После этой победы Александр Невский стал самым авторитетным и уважаемым среди русских князей. При жизни отца Александр смог уклониться от поездки на поклон к Батыю. Княжение “на всей воле новогородской” даже и оправдывало такое непослушание. Но теперь оттягивать поездку в Орду было уже нельзя. Согласно “Житию”, Батый выразил недовольство, что к нему, покорителю стольких народов, не едет, несомненно, самый популярный в это время из князей Северной Руси. Чем могло закончиться дальнейшее уклонение от поездки в Орду — нетрудно представить. Владимиро-Суздальская Русь была разорена и обескровлена, а новгородцы и псковичи были ненадежными союзниками в борьбе с Ордой. И если противостоять натиску с запада и северо-запада Новгородско-Псковская земля еще могла, то противостояние Орде никаких шансов не имело.

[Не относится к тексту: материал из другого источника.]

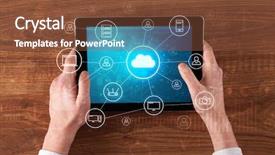  Presentation with healthcare cloud computing - Amazing PPT theme having phone directory - hand touching tablet with cloud backdrop and a tawny brown colored foreground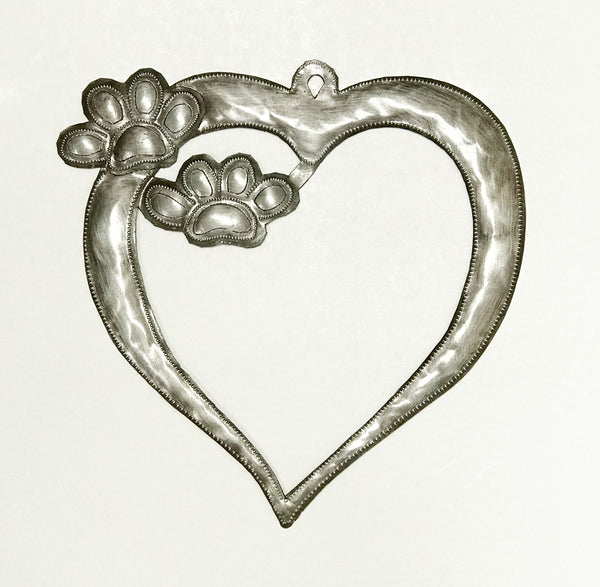 .Wall Art - Metal - Heart with Paws Frame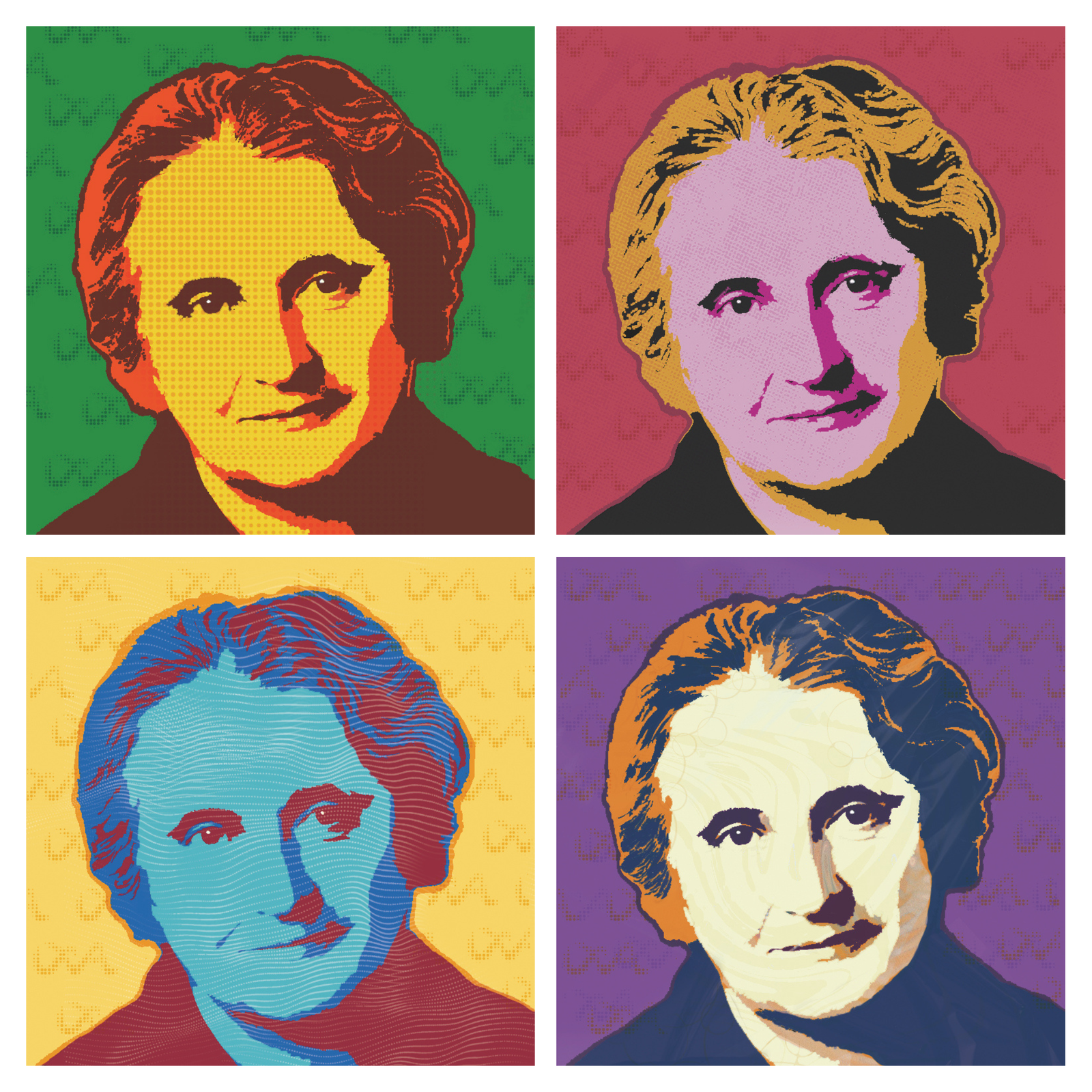 Pop-Art Magnet Set (4pc) - Maria Montessori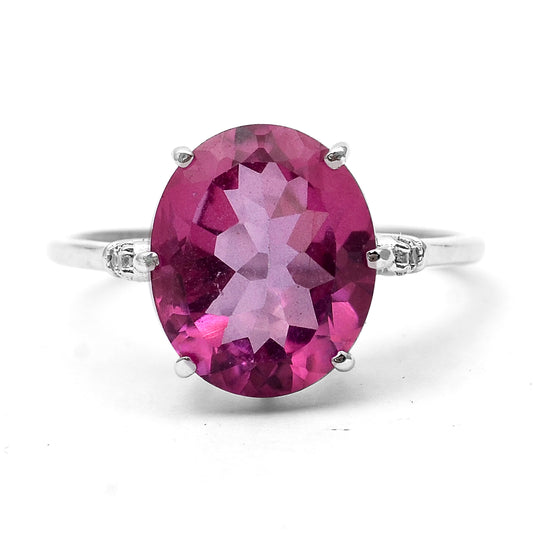 5.10 Ct Oval Pink Topaz, White Zircon 925 Sterling Silver Ring
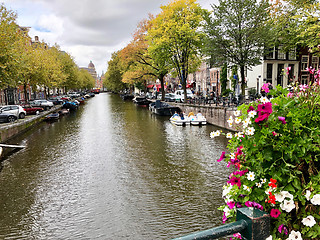 Image showing Autumn view of Old Amsterdam canal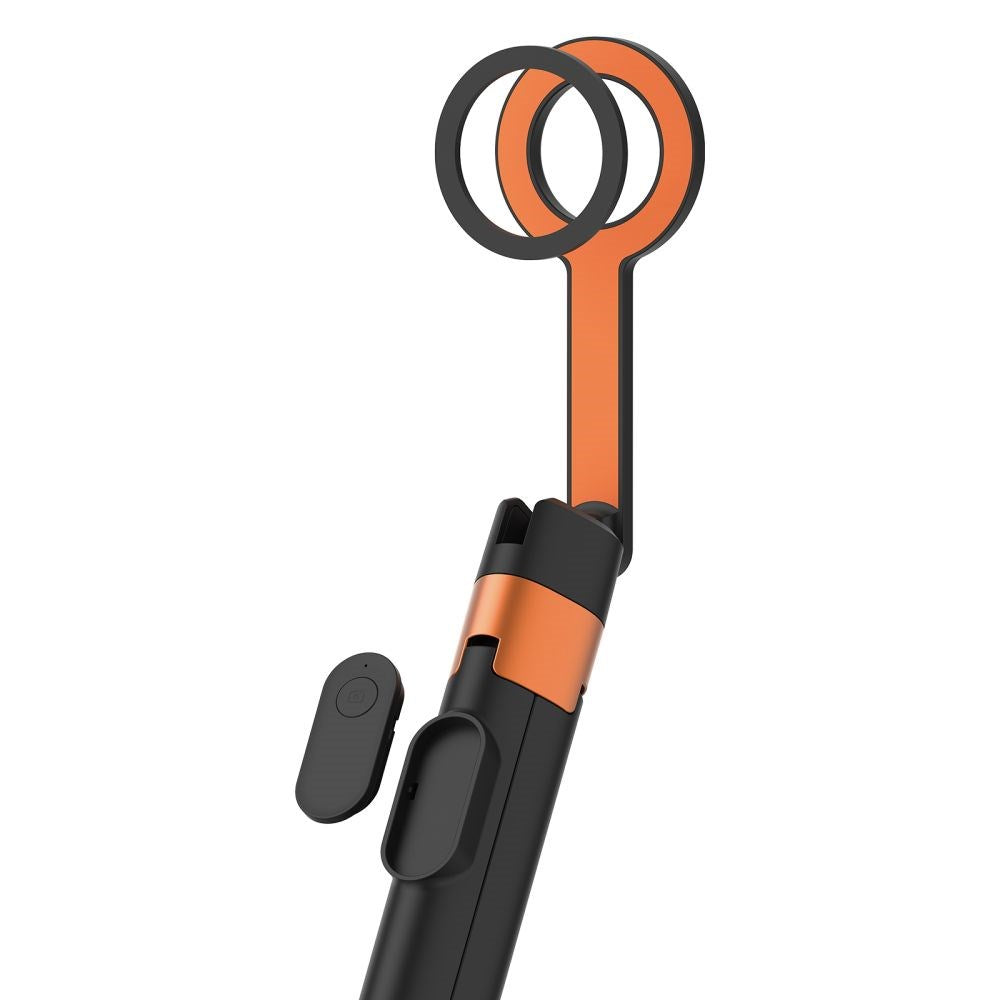 Tech-Protect L10S Bluetooth Tripod Selfie Stang - MagSafe Kompatibel - Sort / Orange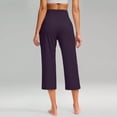 thumbnail image 5 of Nooxsoe Womens Summer Casual Yoga Capri Trousers High Waist Drawstring Elastic Waist Straight Leg Side Patch Pockets Loose Fit Breathable Fabric Gym Lounge Office Everyday Bottoms Purple XXL, 5 of 9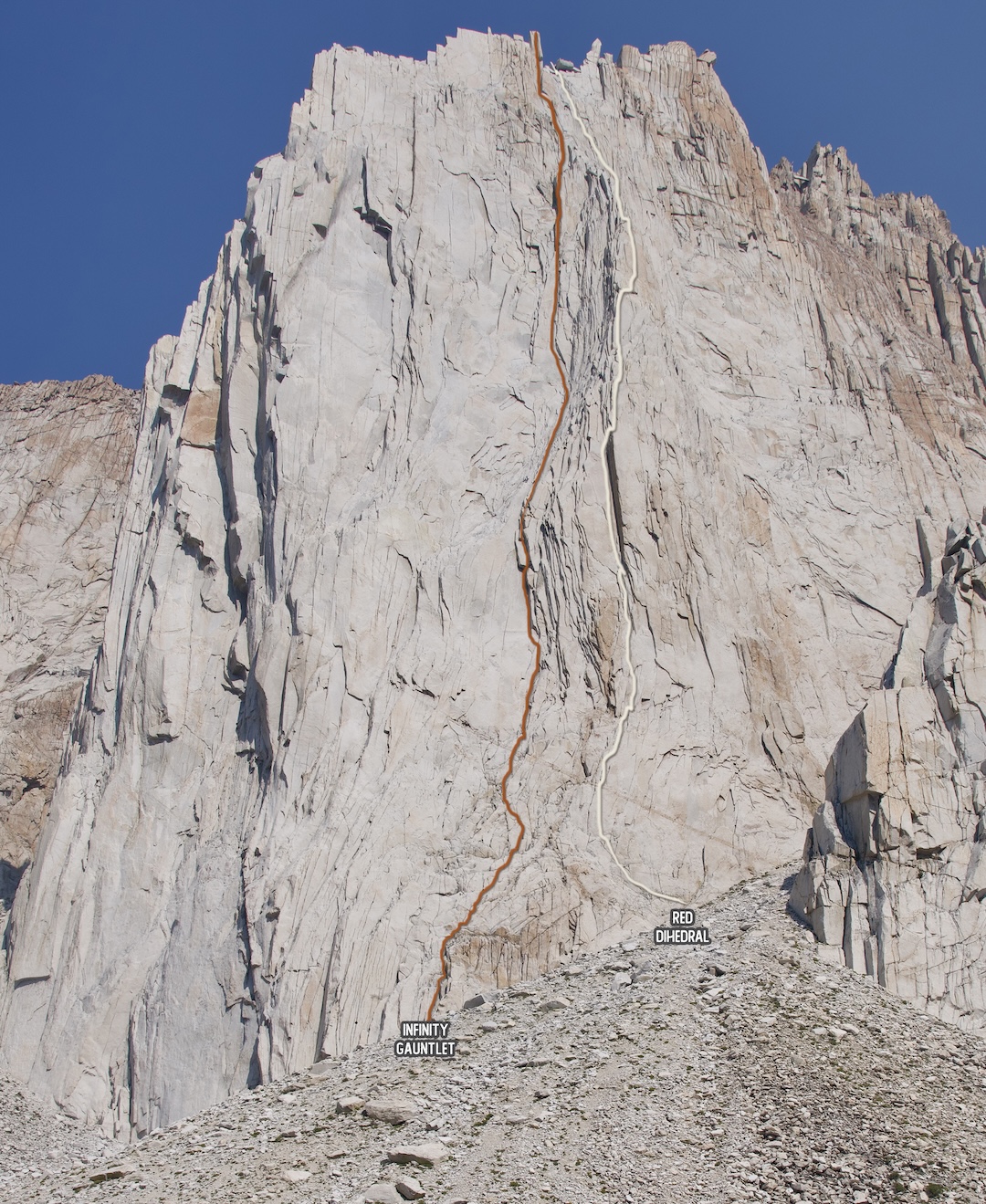 Infinity Gauntlet (12 pitches, IV 5.11d), climbed by Jeremy Collins, Moi Medena and Jarod Sickler in 2024. The classic Red Dihedral (12 pitches, 5.10) is shown in white to the right. Many other routes are not shown. 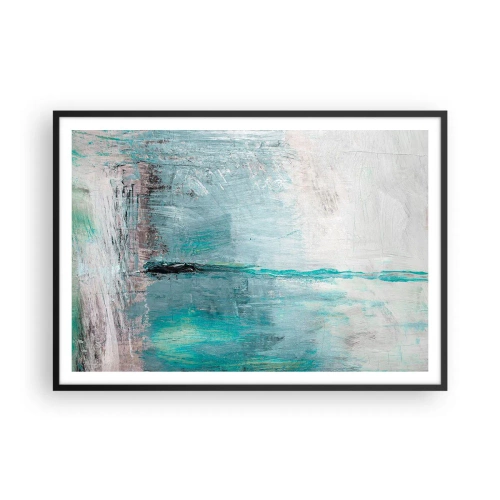 Affiche dans un cadre noir - Poster - Abstraction dans les tons turquoise et gris - 100x70cm - Horizontalement en bleu - Décoration murale moderne pour le salon et la chambre ARTTOR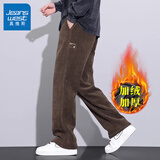 真维斯（Jeanswest）雪尼尔休闲裤男士2026春秋季加绒加厚直筒裤子潮牌灯芯绒运动卫裤 6632咖啡 加绒 XL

Если Александр был затребован в Орду, то его младший брат Андрей, похоже, поехал туда по своей инициативе и едва ли не с жалобой на то, что владимирский стол достался дяде. Во всяком случае, избранный в 1246 году великим ханом Гуюк не утвердил Святослава великим князем и вызвал в Каракорум Андрея и Александра. Решение хана Гуюка несложно было предугадать. Он на великое княжение Владимирское утвердил Андрея, а старшему Александру дал другое “великое княжение” — Киев. Таким образом, монгольский хан сталкивал Александра и с младшим братом, и с Даниилом Галицким. Поэтому в Киев Александр, естественно, не поехал, вернувшись в Новгород после двухлетних унижений и балансирования на крайне непрочном канате дипломатии без правил.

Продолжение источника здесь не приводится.